Weaker risk assessments failed to consider method of execution (eg electronic vs voice-brokered markets) or the nature of the platform where trading takes place (eg lit vs dark books).
The FCA expects firms to consider different types of market abuse, the different areas of business in which they operate, how that business is undertaken, and the different asset classes and instruments traded. Failure to do so risks a firm being unable to adequately identify market abuse risks and align its monitoring programme to them to ensure effective surveillance.
Order and Trade Surveillance
When it comes to order and trade surveillance, good systems will have the following:
- Appropriately calibrated alert scenarios that consider the different characteristics of different asset classes and instruments. Using a common threshold for all instruments risks ineffectively monitoring (because the threshold is too high or too low), or generating a high level of unnecessary ‘noise’ through picking up a large number of false positives.
- Appropriate thresholds applied to calibration. For example, appropriate lookback periods for insider dealing, which consider the time that inside information might exist before it is released.
- Monitoring of all orders and trades. For example, monitoring of cancelled and amended orders is critical to identifying certain forms of market manipulation.
- Thorough review of surveillance exception alerts. Some firms are only escalating reports where there is an obvious link between the client and issuer or source of inside information. The absence of such a link is not a default rationale for closing alerts.
Policies and procedures
The FCA observed weaknesses where firms’ policies and procedures were vague, or lacked detail. For example, directing analysts to review surveillance reports for signs of market abuse, but not including guidance on what the signs might be. In such cases, it was common for alert reviews to be insufficient or incorrect, and for alerts to be inappropriately closed rather than escalated.
It is important to ensure that policies and procedures are clear, detailed and up-to-date. Additionally, policies and procedures should contain clear and practical guidance regarding what constitutes market abuse, how to recognise it, and how to review and escalate alerts.

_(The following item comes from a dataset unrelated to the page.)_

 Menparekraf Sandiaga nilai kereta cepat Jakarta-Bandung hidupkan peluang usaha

Some firms were found to have outsourced aspects of their surveillance to another part of their organisation, or to separate organisations. Common weaknesses arose in outsourcing where there was limited understanding or oversight of the surveillance taking place. This included inadequate knowledge of alert logic and calibration, and weak quality assurance practices.

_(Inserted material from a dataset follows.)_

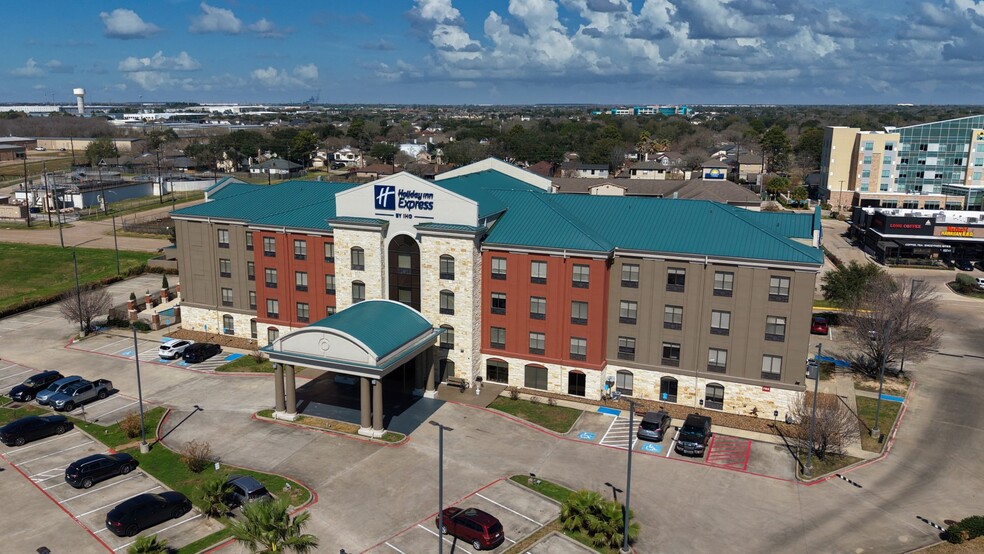 Primary Photo Of 21010 Katy Fwy, Katy Hotel For Sale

At some multinational firms, surveillance was being undertaken at a group level, but the local UK compliance teams had negligible understanding of the surveillance being carried out. In those cases, the surveillance was often ineffective for the UK business.

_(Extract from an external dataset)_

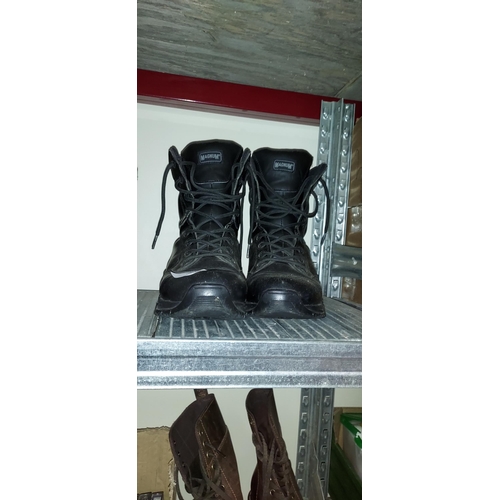 133 - Pair Of Magnum Boots Size 8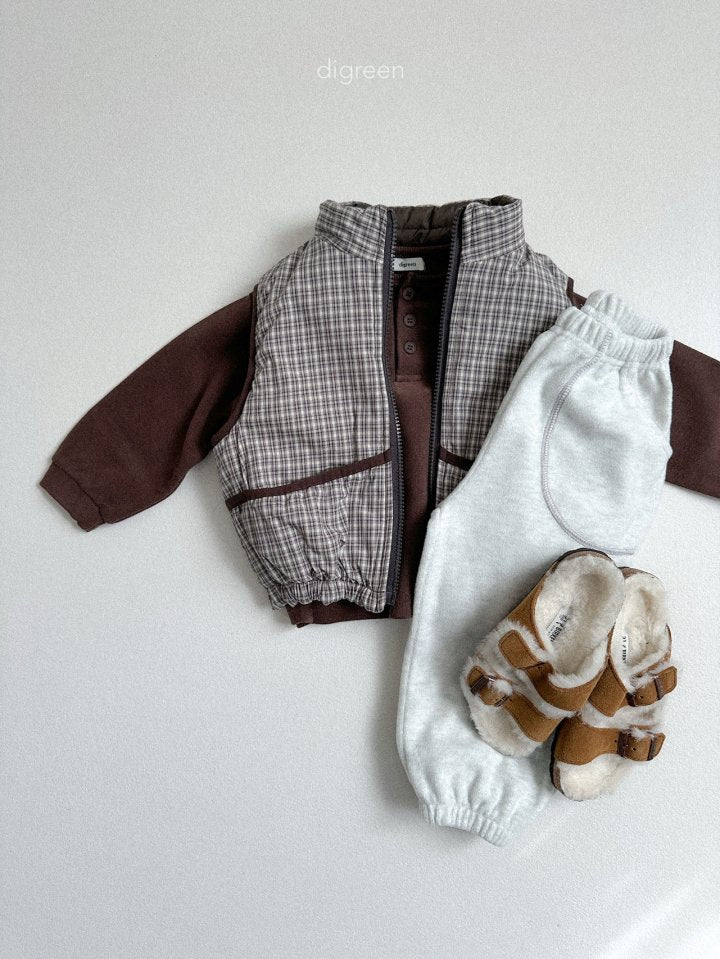 [PRE-ORDER] Button T-Shirts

In order to avoid these pitfalls, oversight and governance are critical. Where there is delegation of market abuse surveillance to a separate organisation, the person delegating should have sufficient expertise and resources to properly oversee the services provided.
Assigning responsibility for market abuse surveillance to both the front office and an independent Compliance function, which perform monitoring separately from the business, can be an effective way to ensure surveillance is undertaken free from conflicts of interest.
The FCA accepts that smaller firms may require staff to perform dual roles in the front office and as part of Compliance. Where this is the case, the firm should consider whether it has adequately assessed any potential conflicts of interest and taken steps to mitigate them. Effective, tailored, market abuse training and escalation procedures are also a good idea.
Why take action?
The level of FCA enforcement action for market abuse remains relatively low, despite market abuse investigations occupying around 14% of the FCA’s investigations portfolio. However, delivering assertive action on market abuse forms part of the FCA's latest business plan focus on “reducing and preventing serious harm”. A core component of this plan is ensuring that firms have robust systems and controls, high quality reporting practices and a strong anti-market abuse culture.
Firms should review their systems and controls to ensure weaknesses, such as those highlighted in this article, are addressed to avoid becoming subject to unnecessary regulatory scrutiny.